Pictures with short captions
• • • • • • •

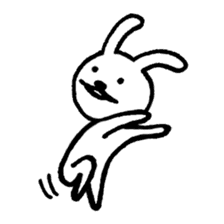 Expressionless bunny sticker #5278351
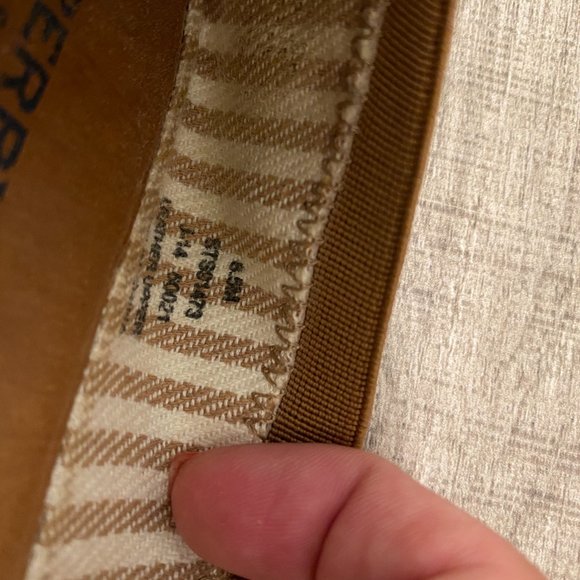 SPERRY TOP SIDER - TAN LEATHER & SUEDE FLAT - Picture 4 of 5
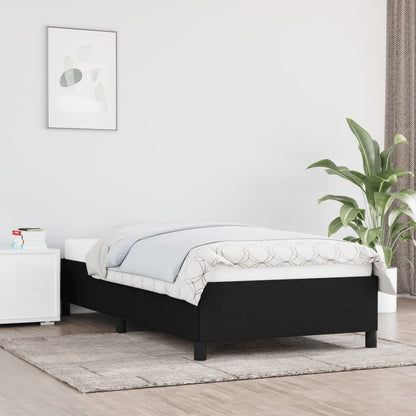 Giroletto senza Materasso Nero 80x200 cm Tessuto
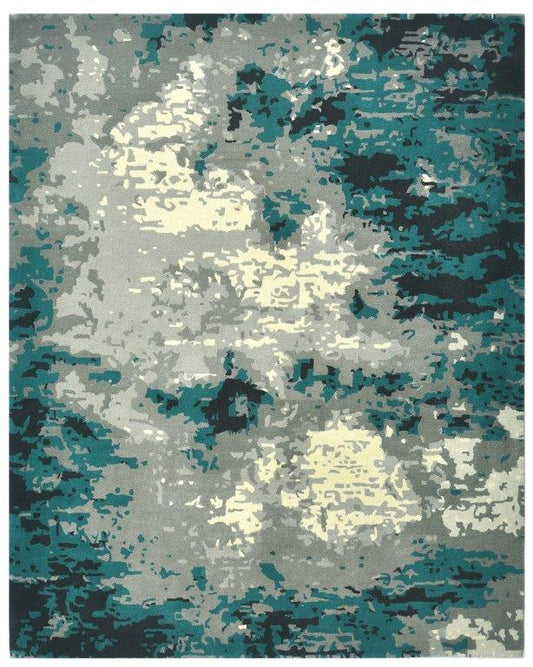Oceanic Abstract Hand tufted Modern Multicolour Rug (HT-539A)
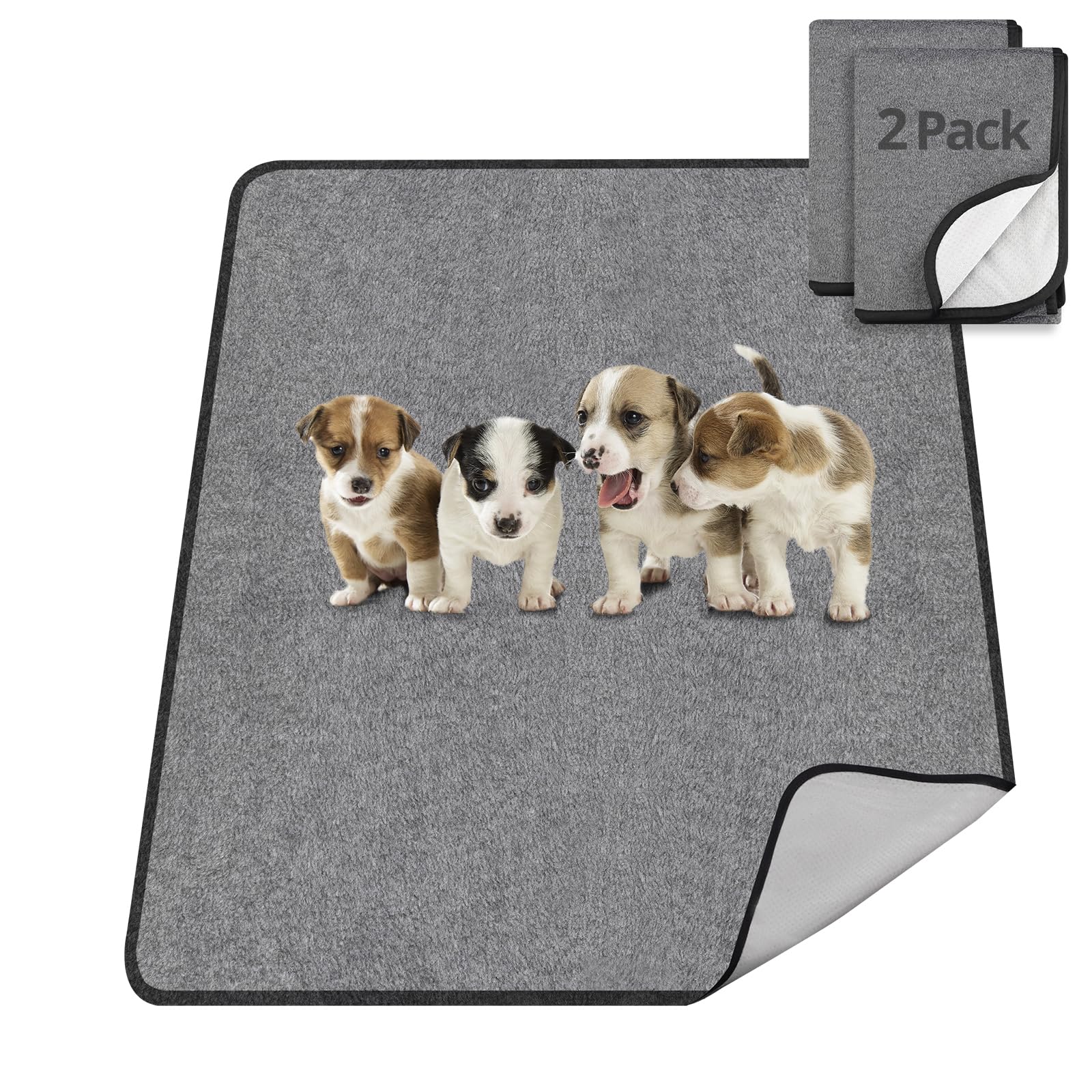 TAIKURA Washable Pee Pads for Dogs Reusable Puppy Pads Non-Slip Heavy Absorbency Dog Pee Pads for Dog Training Whelping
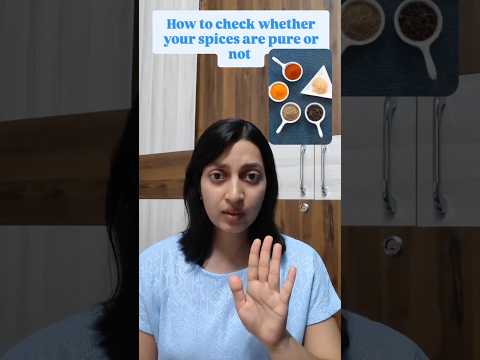 How to check purity of spices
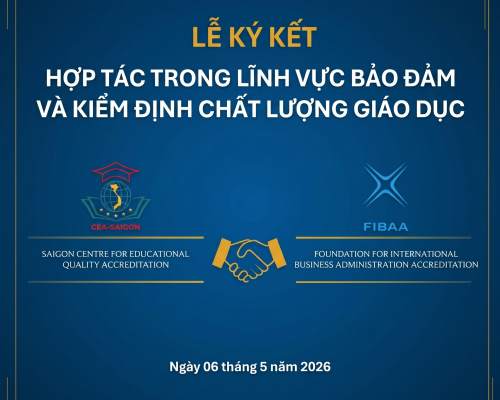 Lễ ký kết Biên bản ghi nhớ hợp tác (MoU) giữa CEA-SAIGON và FIBAA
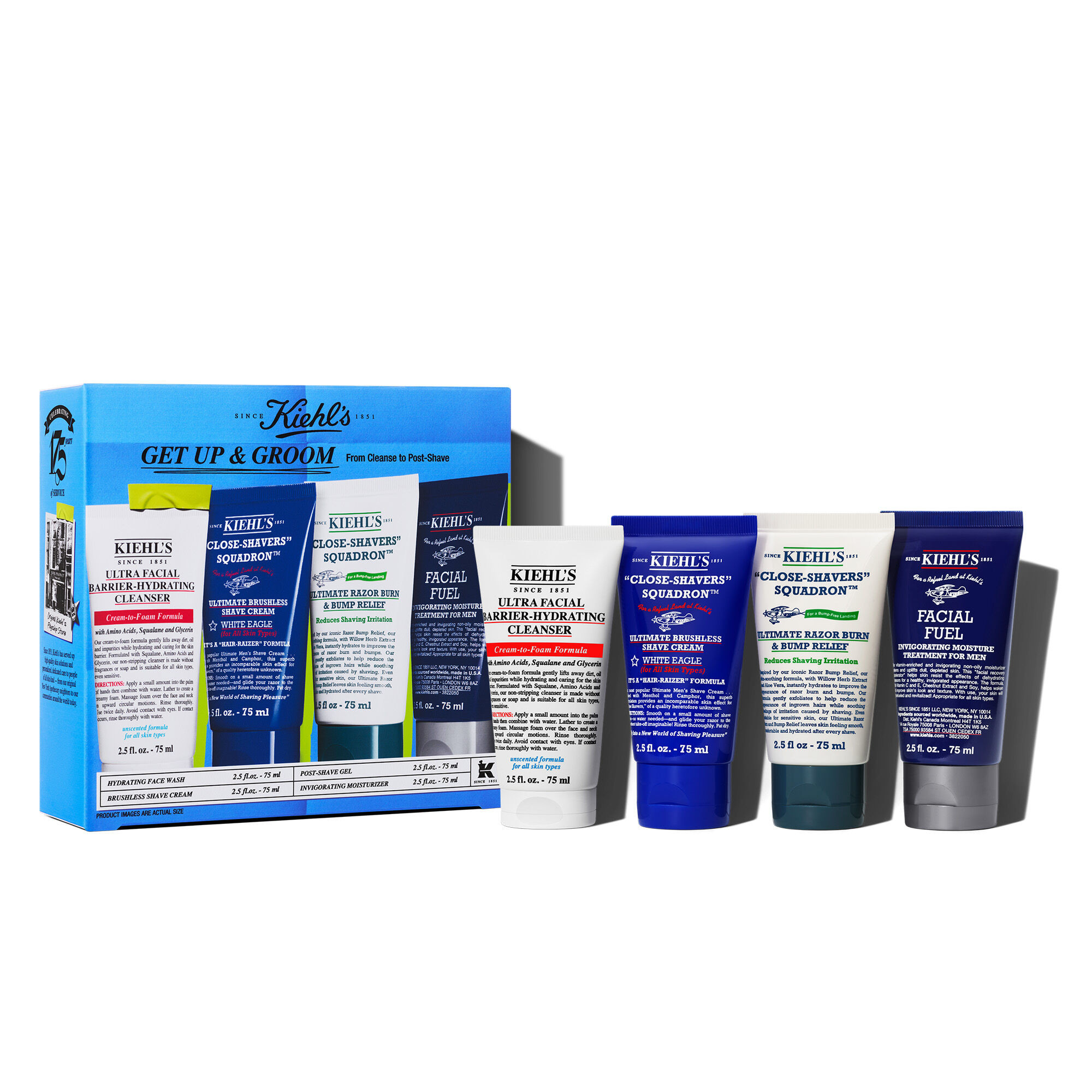 Kiehl's GET UP & GROOM​ - Skincare Set | Kiehl's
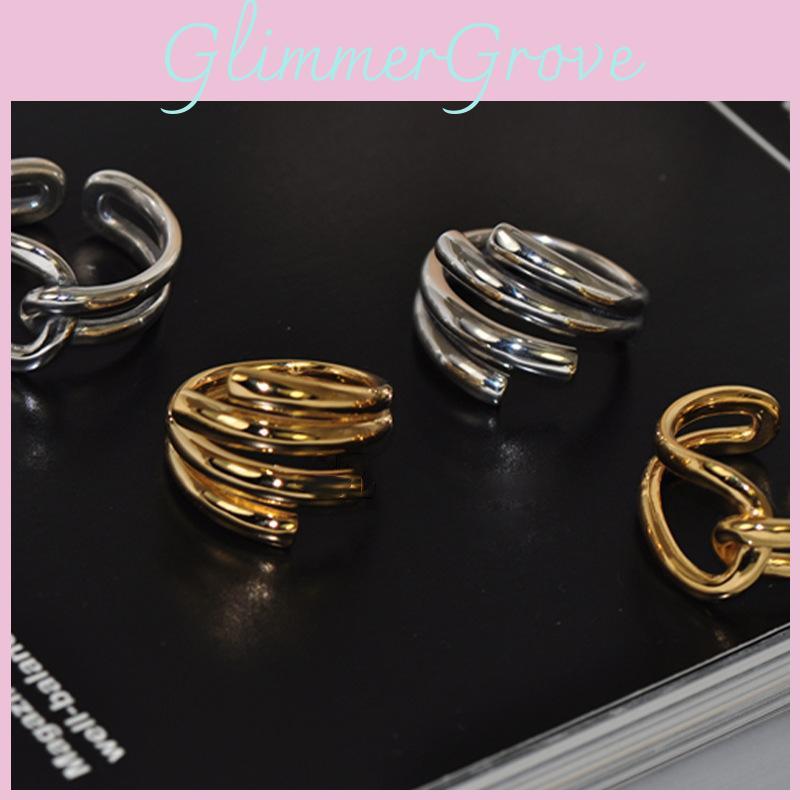 Stylish Korean Retro Geometric Open Adjustable 925 Sterling Silver Ring For Women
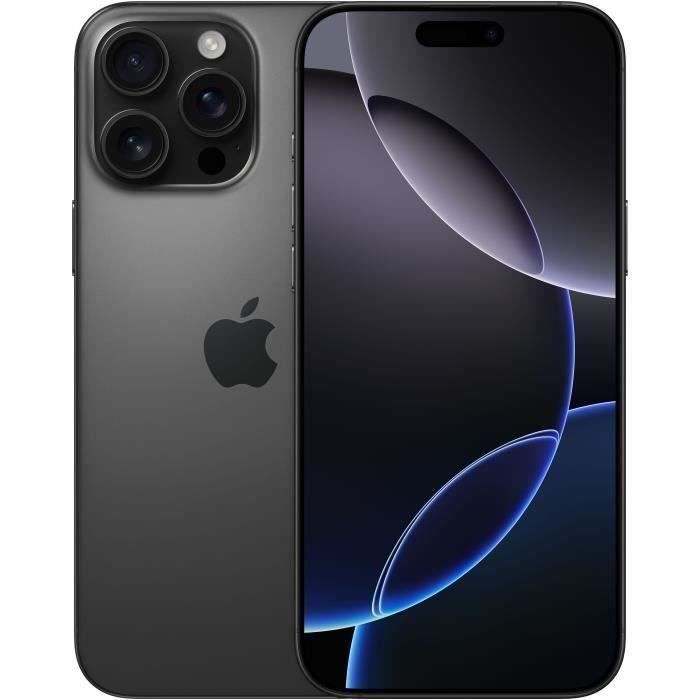 APPLE iPhone 16 Pro Max 512GB Black Titanium (2024) - Reconditionné - Très bon état Reconditionné - Apple reconditionné disponible sur Cdiscount Seconde Vie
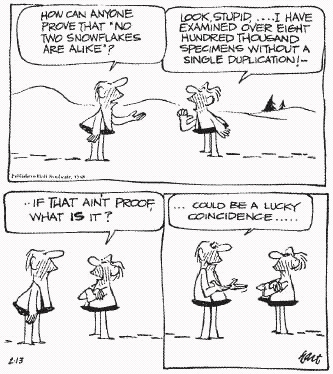 Does the B.C. cartoon illustrate inductive or deductive reasoning? Explain your answer.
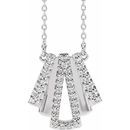 Genuine Diamond Necklace in 14 Karat Genuine Gold 1/4 Carat Diamond Art Deco 18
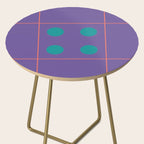 Retro Geometric Circle Grid Side Table Gallery Image 2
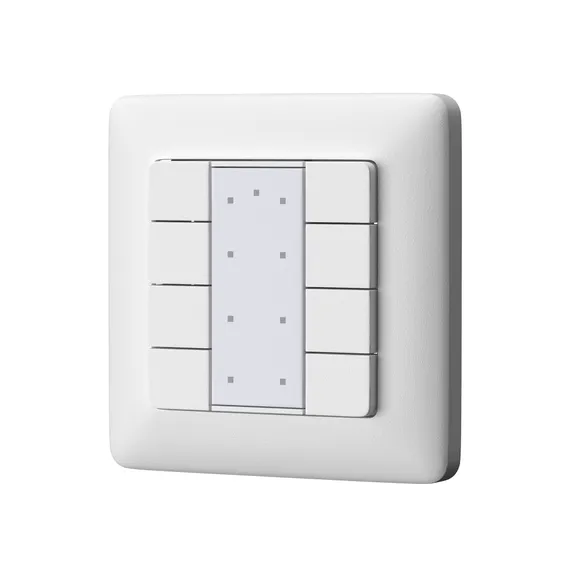 Кнопочная настенная панель 8-ми клавишная DALI Lighting control 721042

• • • • • • •

#### [Problem to solve]
In the records above, find the line with "SPERRY TOP SIDER" and the line with "Kiehl's GET UP"; please transcribe exactly those two lines and all lines between them, omitting any picture.

#### [Output for this task]
 SPERRY TOP SIDER - TAN LEATHER & SUEDE FLAT - Picture 4 of 5
 Giroletto senza Materasso Nero 80x200 cm Tessuto
Oceanic Abstract Hand tufted Modern Multicolour Rug (HT-539A)
 TAIKURA Washable Pee Pads for Dogs Reusable Puppy Pads Non-Slip Heavy Absorbency Dog Pee Pads for Dog Training Whelping
 How to check purity of spices
 Lễ ký kết Biên bản ghi nhớ hợp tác (MoU) giữa CEA-SAIGON và FIBAA
 Kiehl's GET UP & GROOM​ - Skincare Set | Kiehl's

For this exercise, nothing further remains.